[a. m.] L’autore si presentava così nel “Riccordo primo”: «Havendo io, Giacomo Agostinetti, servito per Fattore quarantacinque anni, trà quali quindici in Venetia, dieci in Verona, il rimanente in terra ferma in diverse Ville del Trivisano, Padoano, e Friuli, et essendo nato Fattore, mentre mio Padre servì per Fattore anni ventisette continui in sol Padrone, et a mè in vinti anni è convenuto mutar una dozena de Padroni, hò provato, visto, et osservato, molte usanze, riti, e costumi, e in particolar nella mia professione, che hà per iscopo principale l’ubbidire, e comandare con il singolar fondamento di lodevole Agricoltura, con appresso molti numerosi particolari, che ad’un buon Fattor di Villa si ricercano, che però finalmente stanco, e faccio di si laborioso impiego mi son ridotto ove nacqui l’anno di nostra salute 1597, che fù in Villa de Cimadolmo Territorio di Oderzo ritrovandomi con il peso d'anni ottantadoi, ne hauendo più forze da travagliare, & essendo (come sempre fui) nemico capitale dell’otio; hò risolto qualche cosa operare, per giovamento universale; ne havendo trovata occasione più propria alla mia conditione, che lo scrivere quello, e quanto si ricerca di sapere al buon Fattore di Villa, per ben essercitar tal carica, a prò, e beneficio de Padroni, e di sua propria lode, e così versando intorno a tale importissimo negotio, & sommo interesse hò fisso la mente, & il pensiero…».

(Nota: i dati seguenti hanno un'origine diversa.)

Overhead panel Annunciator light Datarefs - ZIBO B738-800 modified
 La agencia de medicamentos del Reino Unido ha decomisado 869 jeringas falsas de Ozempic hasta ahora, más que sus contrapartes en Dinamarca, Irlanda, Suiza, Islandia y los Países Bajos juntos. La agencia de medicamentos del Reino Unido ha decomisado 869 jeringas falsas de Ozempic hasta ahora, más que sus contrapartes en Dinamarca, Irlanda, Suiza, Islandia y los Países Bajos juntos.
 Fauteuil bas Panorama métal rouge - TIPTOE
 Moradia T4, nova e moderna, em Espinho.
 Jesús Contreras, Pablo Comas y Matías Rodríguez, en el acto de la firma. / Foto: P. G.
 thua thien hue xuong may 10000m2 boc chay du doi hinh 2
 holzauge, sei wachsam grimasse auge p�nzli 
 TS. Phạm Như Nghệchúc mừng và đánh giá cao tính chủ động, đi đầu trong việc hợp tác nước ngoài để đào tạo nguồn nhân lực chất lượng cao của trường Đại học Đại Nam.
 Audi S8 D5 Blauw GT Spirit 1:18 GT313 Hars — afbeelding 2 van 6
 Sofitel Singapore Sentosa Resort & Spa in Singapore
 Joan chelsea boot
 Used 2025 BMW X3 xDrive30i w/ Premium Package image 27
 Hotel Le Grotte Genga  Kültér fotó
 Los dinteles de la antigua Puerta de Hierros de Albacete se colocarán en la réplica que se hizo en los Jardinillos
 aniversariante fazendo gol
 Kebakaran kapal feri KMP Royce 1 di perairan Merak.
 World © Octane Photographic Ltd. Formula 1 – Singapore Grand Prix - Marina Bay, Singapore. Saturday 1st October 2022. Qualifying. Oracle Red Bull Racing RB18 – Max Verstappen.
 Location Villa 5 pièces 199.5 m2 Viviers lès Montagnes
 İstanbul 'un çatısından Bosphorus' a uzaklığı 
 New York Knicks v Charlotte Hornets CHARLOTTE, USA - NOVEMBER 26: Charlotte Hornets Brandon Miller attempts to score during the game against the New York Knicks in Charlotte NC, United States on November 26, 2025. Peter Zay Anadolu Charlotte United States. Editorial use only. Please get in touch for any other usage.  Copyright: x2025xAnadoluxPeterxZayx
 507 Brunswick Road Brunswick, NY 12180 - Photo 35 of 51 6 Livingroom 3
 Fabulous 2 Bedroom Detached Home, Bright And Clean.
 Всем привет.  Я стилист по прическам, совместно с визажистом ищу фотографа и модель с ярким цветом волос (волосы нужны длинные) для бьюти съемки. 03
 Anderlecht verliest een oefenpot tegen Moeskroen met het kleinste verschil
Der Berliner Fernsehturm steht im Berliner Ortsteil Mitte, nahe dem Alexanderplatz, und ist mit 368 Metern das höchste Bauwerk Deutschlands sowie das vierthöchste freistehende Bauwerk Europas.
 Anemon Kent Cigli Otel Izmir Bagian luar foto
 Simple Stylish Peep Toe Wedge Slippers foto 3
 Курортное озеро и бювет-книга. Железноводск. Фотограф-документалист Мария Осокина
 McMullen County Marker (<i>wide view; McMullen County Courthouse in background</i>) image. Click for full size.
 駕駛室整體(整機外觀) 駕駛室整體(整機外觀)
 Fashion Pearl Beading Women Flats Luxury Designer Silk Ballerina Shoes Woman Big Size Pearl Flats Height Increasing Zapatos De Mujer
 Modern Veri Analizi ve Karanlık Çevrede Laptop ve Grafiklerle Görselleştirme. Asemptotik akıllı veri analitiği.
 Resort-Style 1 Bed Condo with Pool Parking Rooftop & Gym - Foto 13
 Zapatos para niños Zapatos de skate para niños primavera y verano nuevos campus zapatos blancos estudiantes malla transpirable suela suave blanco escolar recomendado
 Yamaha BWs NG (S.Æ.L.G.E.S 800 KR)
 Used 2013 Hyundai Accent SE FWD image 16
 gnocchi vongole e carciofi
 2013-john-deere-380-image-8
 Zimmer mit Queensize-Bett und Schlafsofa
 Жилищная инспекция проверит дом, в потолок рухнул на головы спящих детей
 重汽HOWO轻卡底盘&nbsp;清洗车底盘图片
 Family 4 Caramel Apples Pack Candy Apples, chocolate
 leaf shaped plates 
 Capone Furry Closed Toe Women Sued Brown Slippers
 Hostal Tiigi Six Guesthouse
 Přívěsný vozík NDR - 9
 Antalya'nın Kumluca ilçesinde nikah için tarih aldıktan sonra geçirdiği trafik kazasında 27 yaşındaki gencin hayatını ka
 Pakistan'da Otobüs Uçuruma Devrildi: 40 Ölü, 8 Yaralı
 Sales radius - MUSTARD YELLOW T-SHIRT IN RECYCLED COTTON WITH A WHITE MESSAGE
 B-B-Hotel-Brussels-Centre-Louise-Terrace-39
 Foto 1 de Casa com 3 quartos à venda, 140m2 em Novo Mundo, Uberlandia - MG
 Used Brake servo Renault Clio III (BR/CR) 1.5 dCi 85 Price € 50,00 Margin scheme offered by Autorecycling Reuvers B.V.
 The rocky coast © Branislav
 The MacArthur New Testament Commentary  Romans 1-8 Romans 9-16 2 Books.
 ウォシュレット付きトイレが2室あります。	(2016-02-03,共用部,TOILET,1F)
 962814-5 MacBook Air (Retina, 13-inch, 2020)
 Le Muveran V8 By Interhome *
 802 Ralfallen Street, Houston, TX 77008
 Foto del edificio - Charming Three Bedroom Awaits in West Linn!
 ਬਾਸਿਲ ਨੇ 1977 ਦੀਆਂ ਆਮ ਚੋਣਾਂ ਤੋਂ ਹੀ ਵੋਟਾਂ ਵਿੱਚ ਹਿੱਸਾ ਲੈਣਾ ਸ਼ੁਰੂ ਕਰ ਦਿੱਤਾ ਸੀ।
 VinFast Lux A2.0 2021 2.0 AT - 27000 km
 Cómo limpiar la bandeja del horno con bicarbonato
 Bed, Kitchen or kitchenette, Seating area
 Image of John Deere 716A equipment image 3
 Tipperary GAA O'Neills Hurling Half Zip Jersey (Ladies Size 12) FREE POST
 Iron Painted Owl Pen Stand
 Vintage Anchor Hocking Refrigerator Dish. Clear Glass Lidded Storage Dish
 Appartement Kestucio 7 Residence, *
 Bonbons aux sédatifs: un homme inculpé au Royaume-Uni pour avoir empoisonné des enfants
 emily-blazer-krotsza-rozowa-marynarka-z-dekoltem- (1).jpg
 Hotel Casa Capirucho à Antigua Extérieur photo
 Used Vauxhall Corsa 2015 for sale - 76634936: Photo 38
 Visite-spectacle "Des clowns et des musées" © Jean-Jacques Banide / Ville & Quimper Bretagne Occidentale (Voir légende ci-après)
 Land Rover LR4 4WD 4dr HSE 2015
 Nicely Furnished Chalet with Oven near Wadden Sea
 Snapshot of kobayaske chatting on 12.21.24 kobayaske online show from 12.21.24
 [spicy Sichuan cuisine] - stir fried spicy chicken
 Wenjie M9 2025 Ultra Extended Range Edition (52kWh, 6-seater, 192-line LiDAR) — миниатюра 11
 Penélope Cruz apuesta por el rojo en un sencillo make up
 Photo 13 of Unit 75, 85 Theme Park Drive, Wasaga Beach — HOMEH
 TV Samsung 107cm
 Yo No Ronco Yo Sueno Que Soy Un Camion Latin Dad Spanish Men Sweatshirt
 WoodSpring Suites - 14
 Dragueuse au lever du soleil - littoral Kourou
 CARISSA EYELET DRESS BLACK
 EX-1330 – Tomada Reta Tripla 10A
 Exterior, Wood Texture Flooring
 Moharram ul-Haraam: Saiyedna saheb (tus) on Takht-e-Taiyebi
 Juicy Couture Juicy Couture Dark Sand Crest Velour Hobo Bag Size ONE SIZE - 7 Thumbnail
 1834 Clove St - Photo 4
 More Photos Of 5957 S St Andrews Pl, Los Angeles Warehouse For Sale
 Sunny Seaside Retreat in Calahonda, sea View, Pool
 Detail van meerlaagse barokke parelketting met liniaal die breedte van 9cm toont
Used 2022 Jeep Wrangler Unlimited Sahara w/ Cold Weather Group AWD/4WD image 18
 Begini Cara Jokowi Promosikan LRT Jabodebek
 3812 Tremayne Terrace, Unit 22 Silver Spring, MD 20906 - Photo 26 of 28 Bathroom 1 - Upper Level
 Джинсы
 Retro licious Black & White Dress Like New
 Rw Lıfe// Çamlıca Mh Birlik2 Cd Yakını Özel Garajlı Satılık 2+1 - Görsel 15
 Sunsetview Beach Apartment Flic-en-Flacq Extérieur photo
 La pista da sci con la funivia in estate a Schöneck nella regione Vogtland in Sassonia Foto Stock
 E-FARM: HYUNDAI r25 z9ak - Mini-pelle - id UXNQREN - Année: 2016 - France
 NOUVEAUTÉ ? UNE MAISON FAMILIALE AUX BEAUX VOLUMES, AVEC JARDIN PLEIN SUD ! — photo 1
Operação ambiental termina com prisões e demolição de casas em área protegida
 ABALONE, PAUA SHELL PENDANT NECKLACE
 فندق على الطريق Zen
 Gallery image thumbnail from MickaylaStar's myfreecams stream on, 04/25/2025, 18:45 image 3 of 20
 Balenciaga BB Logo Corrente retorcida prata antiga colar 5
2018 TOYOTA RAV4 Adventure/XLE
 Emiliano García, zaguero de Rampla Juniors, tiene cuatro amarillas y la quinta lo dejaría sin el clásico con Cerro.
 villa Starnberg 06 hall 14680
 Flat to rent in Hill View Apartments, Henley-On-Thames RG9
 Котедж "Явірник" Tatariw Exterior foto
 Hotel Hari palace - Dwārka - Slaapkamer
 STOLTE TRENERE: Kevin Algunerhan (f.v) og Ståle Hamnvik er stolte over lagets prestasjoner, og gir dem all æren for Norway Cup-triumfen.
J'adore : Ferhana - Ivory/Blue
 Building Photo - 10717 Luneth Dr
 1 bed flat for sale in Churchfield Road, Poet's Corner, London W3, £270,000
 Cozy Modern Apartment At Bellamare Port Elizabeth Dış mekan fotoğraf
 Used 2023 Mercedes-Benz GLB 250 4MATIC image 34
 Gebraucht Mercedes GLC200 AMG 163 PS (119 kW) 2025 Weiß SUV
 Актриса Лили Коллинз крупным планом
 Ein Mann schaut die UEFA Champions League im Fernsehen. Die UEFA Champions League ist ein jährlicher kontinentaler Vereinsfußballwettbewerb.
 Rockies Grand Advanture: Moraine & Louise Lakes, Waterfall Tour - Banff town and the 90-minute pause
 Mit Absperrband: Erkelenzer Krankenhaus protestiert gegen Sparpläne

Dopo aver servito dunque per quarantacinque anni, in qualità di fattore, una dozzina di nobiluomini in tutta la terraferma veneta dal Friuli alla campagna di Verona (a differenza del padre rimasto sempre presso lo stesso padrone), ritiratosi ottantaduenne e affaticato nel paese natìo, decise di raccontare il suo mestiere nei Cento e dieci ricordi che formano il buon fattor di villa (1679), con l'intento di insegnare non solo il modo migliore - secondo la tradizione veneta - di coltivare frumento e sorgo, di far vini bianchi o neri, dolci o "ordinari", e di coltivar asparagi, ciliegie, fichi, peri, susini, ulivi, mandorli, corniole, sorbole, zizole e molto altro, ma anche quali debbano essere i corretti rapporti tra contadini e fattori, tra padroni e sottoposti, e i segreti dell'ubbidire e del comandare con successo. Dell'agricoltura Agostinetti aveva un'altissima concezione "morale & economica", apportatrice di giovamento sia personale sia universale: «Quando considero che non c’è al mondo un’attività più antica dell’agricoltura e nello stesso tempo indispensabile perché ci fornisce da mangiare e da vestire, mi stupisco che oggigiorno gli uomini l’apprezzino tanto poco. Eppure questo è un lavoro che permette di stare lontani dalle ambizioni e dalla cupidigia e di evitare le tentazioni, perché non c’è diletto maggiore di quello di occuparsi attentamente alla cura quotidiana dei propri giardini, degli orti, dei broli e dei campi». Ulderico Bernardi, che ha curato una riedizione dei Cento e dieci ricordi che formano il buon fattor di villa (Neri Pozza, 1998), riconosce non solo il pregio del saggio scientifico, la minuziosa precisione del manuale tecnico, risultato di un impegno pluridisciplinare, ma anche «la sapienzialità etica di chi non immiserisce l'attività d'impresa nella sola ottimizzazione del profitto, ma punta a un'armonia di rapporti sociali, dove si realizzi la più generale condizione umana».
La fortuna dell'opera di Giacomo Agostinetti è attestata dalle numerose edizioni fino alla metà del Settecento, almeno otto dalla prima del 1679 a quella del 1749. Le riedizioni contemporanee sono quelle del 1998 e del 2004.